*** Opening Data excerpts ***

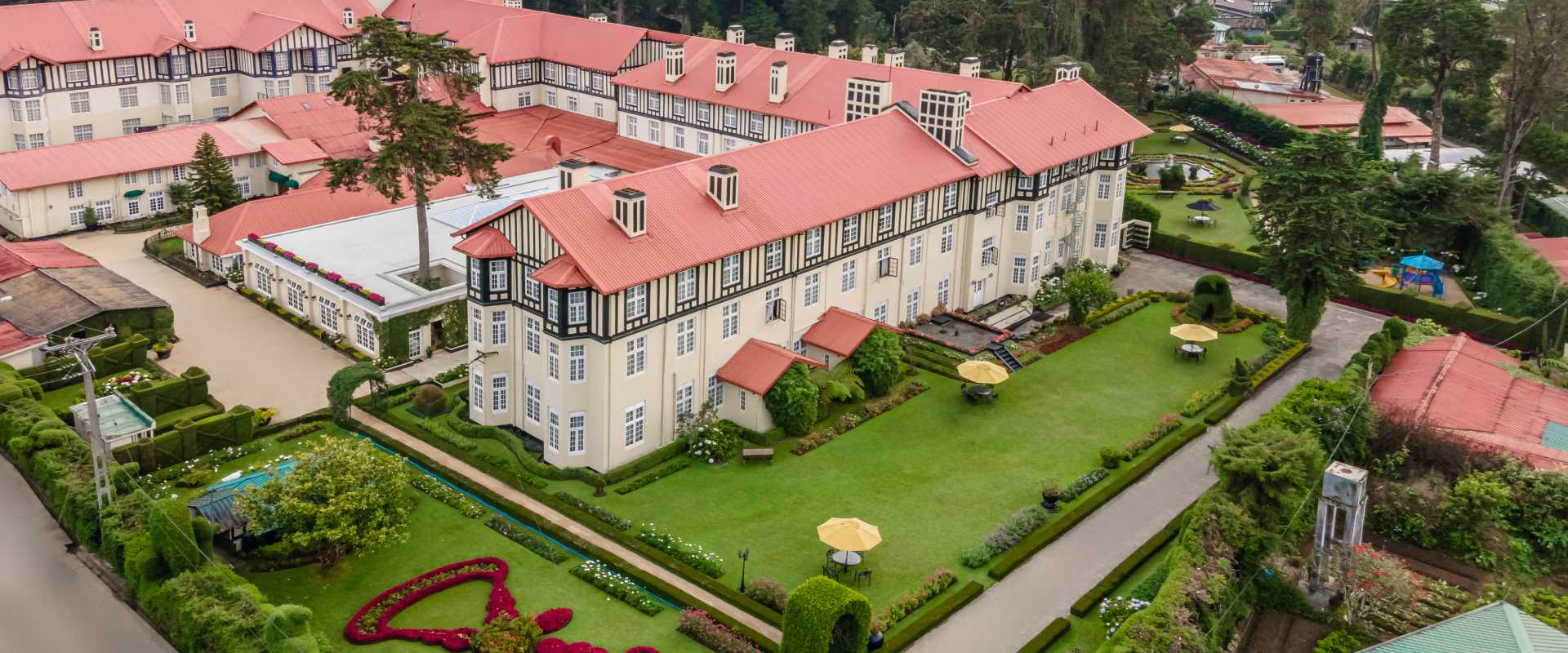 The Grand Hotel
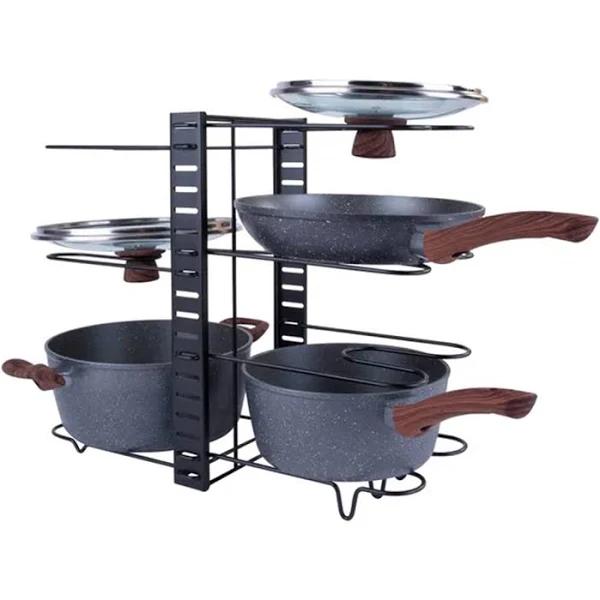 Living Today Kitchen Rack Double Sided Organiser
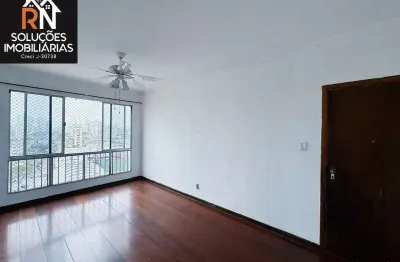 Apartamento com 2 quartos para alugar na aparecida, santos , 73 m2 por r$ 3.000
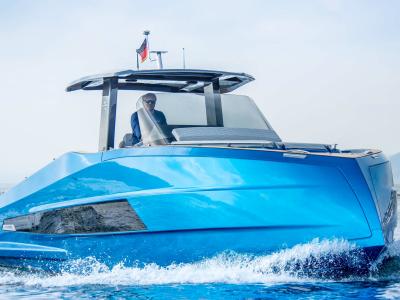 Astondoa 377 Coupe Testbericht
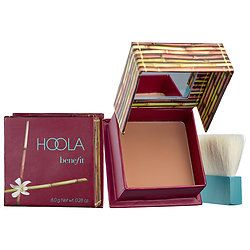 Benefit Cosmetics | Sephora Koleksi Makeup, Benefit Hoola Bronzer, Benefit Hoola, Bronzer Makeup, Alat Makeup, Hoola Bronzer, Matte Bronzer, Brush Makeup, Bronzing Powder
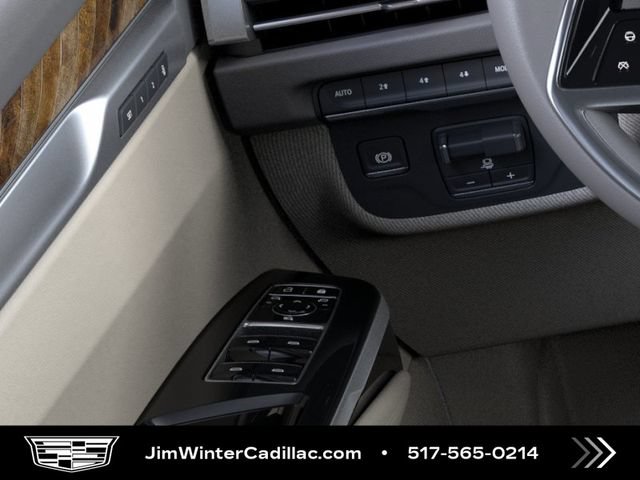 New 2026 Cadillac Escalade ESV Platinum Sport w/ LPO, ONYX Package AWD/4WD image 22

*** Closing Data excerpts ***

▶ **Problem description**
With the pictures set aside, return each line of the listing exactly as given.

▶ **Answer box**
 The Grand Hotel
 Living Today Kitchen Rack Double Sided Organiser
 Apartamento com 2 quartos para alugar na aparecida, santos , 73 m2 por r$ 3.000
 Astondoa 377 Coupe Testbericht
 Benefit Cosmetics | Sephora Koleksi Makeup, Benefit Hoola Bronzer, Benefit Hoola, Bronzer Makeup, Alat Makeup, Hoola Bronzer, Matte Bronzer, Brush Makeup, Bronzing Powder
 New 2026 Cadillac Escalade ESV Platinum Sport w/ LPO, ONYX Package AWD/4WD image 22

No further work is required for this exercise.